AIM OF THE TASK. Only one stretch of the data below is wanted: the lines starting at the one with "The user interface" and ending at the one with "Our case is", both included, given again exactly.

EXCERPTED DATA.

########################################

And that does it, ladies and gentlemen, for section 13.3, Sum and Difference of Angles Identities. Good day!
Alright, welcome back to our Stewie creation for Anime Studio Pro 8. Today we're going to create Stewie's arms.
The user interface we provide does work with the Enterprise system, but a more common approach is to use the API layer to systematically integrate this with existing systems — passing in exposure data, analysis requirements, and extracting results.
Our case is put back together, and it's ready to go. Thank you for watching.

########################################

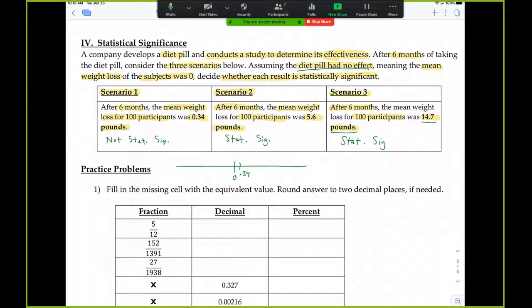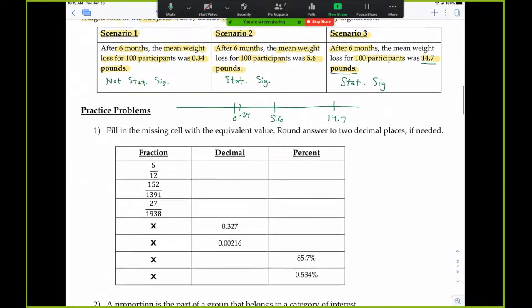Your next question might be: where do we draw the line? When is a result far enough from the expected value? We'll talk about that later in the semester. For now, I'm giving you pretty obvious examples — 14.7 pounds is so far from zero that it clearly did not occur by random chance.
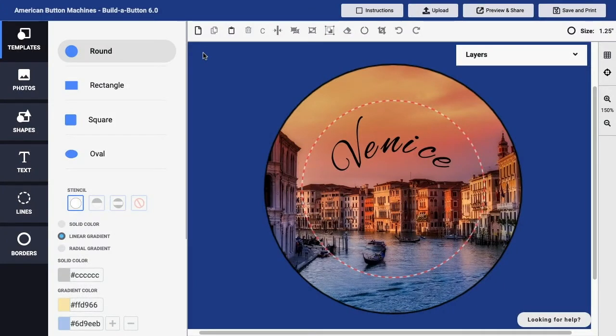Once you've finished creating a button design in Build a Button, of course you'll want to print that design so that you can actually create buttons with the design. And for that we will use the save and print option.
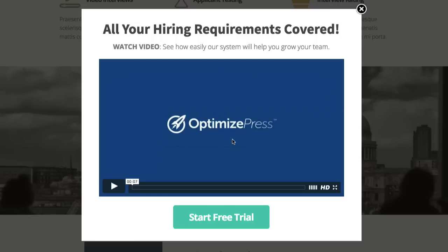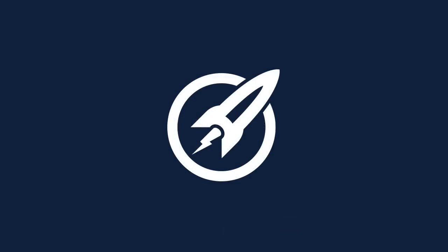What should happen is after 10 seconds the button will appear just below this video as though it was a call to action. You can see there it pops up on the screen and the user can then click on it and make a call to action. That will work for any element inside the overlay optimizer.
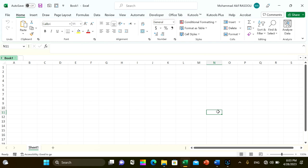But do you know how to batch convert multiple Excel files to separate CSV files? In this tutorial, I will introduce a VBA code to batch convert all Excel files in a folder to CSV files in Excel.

########################################

RESPONSE.
The user interface we provide does work with the Enterprise system, but a more common approach is to use the API layer to systematically integrate this with existing systems — passing in exposure data, analysis requirements, and extracting results.
Our case is put back together, and it's ready to go. Thank you for watching.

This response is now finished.